Reality check on integrability of almost-complex surface.

Question

Let $(M^2,J)$ be an almost-complex surface. I do not assume integrability of $J$ now. I understand that from the Newlander-Nirenberg theorem, one of the several equivalences for the integrability of $J$ is that ${\rm d} = \partial + \overline{\partial}$. But I also know that in dimension $2$ the Nijenhuis tensor always vanishes. So this means that ${\rm d} = \partial + \overline{\partial}$ holds in dimension $2$, no matter which $J$ I begin with. So I should be able to give a direct proof of this, from scratch.

Ok, here's an attempt: assume that $(Z,\overline{Z})$ is a local complex frame for $M$, with $Z$ of type $(1,0)$ and $\overline{Z}$ of type $(0,1)$. If $(\zeta,\overline{\zeta})$ is the dual coframe, we automatically have that $\zeta$ is of type $(1,0)$ and $\overline{\zeta}$ is of type $(0,1)$.

• Let $f\colon M \to \Bbb C$ be a $0$-form.
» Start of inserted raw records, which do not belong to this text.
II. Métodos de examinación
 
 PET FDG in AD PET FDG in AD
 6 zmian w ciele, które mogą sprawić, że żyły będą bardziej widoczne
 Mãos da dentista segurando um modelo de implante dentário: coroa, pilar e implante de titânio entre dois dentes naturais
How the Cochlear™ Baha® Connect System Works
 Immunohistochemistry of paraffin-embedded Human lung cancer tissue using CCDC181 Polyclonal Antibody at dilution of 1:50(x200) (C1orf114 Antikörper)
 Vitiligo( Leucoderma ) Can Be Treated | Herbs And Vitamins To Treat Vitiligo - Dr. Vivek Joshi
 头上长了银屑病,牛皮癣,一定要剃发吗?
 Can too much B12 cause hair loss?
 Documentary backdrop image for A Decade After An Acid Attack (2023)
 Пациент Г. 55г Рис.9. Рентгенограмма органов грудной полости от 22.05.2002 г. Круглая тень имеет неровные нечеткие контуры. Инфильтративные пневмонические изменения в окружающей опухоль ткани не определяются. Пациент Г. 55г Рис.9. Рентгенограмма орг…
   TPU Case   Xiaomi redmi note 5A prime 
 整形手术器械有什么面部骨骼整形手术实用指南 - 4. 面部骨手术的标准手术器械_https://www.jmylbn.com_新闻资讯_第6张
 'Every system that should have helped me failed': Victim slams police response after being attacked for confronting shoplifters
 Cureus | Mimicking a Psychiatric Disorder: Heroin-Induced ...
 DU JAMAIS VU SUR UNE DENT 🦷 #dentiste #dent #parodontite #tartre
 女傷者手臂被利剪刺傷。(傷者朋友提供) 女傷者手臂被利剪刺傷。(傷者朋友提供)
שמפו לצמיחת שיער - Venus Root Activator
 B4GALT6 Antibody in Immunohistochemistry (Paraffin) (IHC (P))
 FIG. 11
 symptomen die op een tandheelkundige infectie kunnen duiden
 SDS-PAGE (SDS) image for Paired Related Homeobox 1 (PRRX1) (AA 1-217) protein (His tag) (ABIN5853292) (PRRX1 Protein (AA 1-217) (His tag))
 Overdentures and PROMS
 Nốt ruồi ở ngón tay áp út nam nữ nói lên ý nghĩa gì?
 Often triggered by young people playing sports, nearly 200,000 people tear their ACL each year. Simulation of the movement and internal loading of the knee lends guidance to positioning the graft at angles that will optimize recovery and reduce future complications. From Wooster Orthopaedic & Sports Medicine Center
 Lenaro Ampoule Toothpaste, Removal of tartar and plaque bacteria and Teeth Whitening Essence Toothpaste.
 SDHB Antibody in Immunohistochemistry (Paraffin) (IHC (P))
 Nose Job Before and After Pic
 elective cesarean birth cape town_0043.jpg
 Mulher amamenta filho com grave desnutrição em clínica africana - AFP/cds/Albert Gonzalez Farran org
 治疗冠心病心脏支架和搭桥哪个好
Then ${\rm d}f = Z(f)\zeta + \overline{Z}(f)\overline{\zeta}$, and hence $\partial f = Z(f)\zeta$ and $\overline{\partial}f = \overline{Z}(f)\overline{\zeta}$. Thus for $0$-forms ${\rm d} = \partial + \overline{\partial}$ holds. Beautiful.

• Let $\alpha = f\zeta + g\overline{\zeta}$ be a $1$-form. We compute $${\rm d}\alpha = {\rm d}f\wedge \zeta + f\,{\rm d}\zeta + {\rm d}g\wedge \overline{\zeta} + g\,{\rm d}\overline{\zeta} = \big(-\overline{Z}(f) + Z(g) + f{\rm d}\zeta(Z,\overline{Z}) + g\,{\rm d}\overline{\zeta}(Z,\overline{Z})\big)\zeta\wedge \overline{\zeta}.$$Since ${\rm d}\alpha$ has no $(2,0)$ or $(0,2)$ component, I conclude that $\partial\alpha = \overline{\partial}\alpha = 0$. But ${\rm d}\alpha = 0$ need not be zero.

Question: what's the screw up?

Answer 1

You have shown that if $\alpha$ is a one-form, then $d\alpha$ is a $(1,1)$-form (since there aren't any $(2,0)$ or $(0,2)$ forms on a one-dimensional almost complex manifold). Now, if $\alpha$ is a $(1,0)$-form then

$$ \partial \alpha = (d \alpha)^{(2,0)} = 0, \,\,\bar{\partial} \alpha = (d \alpha)^{(1,1)} = d\alpha $$

and in particular

$$ d\alpha = 0 + (d\alpha)^{(1,1)} = \partial \alpha + \bar{\partial} \alpha = (\partial + \bar{\partial})(\alpha). $$

Similarly, if $d\alpha$ is a $(0,1)$-form then $$ \partial \alpha = (d \alpha)^{(1,1)} = d\alpha, \,\,\,\bar{\partial} \alpha = (d \alpha)^{(0,2)} = 0 $$ and in particular

$$ d\alpha = (d\alpha)^{(1,1)} + 0 = \partial \alpha + \bar{\partial} \alpha = (\partial + \bar{\partial})(\alpha). $$

The point is that if you assume that $\alpha = \alpha^{(1,0)} + \alpha^{(0,1)}$ is a general one-form, you can't conclude that $\partial \alpha$ or $\bar{\partial} \alpha = 0$ since $$ \partial \alpha = \partial \left( \alpha^{(1,0)} + \alpha^{(0,1)} \right) = (d\alpha)^{(2,0)} + (d\alpha)^{(1,1)}, \\ \bar{\partial} \alpha = \bar{\partial} \left( \alpha^{(1,0)} + \alpha^{(0,1)} \right) = (d\alpha)^{(1,1)} + (d\alpha)^{(0,2)} $$ are neither the $(2,0)$ nor the $(0,2)$ components of $d\alpha$.

Answer 2

You can't conclude $\partial\alpha=\bar\partial\alpha=0$. What you can conclude is $\pi^{2,0}(\partial\alpha)=\pi^{0,2}(\partial\alpha)=0$ and $\pi^{2,0}(\bar\partial\alpha)=\pi^{0,2}(\bar\partial\alpha)=0$. You can't say much about the $(1,1)$-part (except that this is where your $d\alpha$ has to end up).

But of course that is enough: To get $d=\partial+\bar\partial$ on $\Omega^{1,0}$, you need to show $d(f\zeta)$ to have no $(0,2)$-part, which we know from above. Similarly, you get $d=\partial+\bar\partial$ on $\Omega^{0,1}$.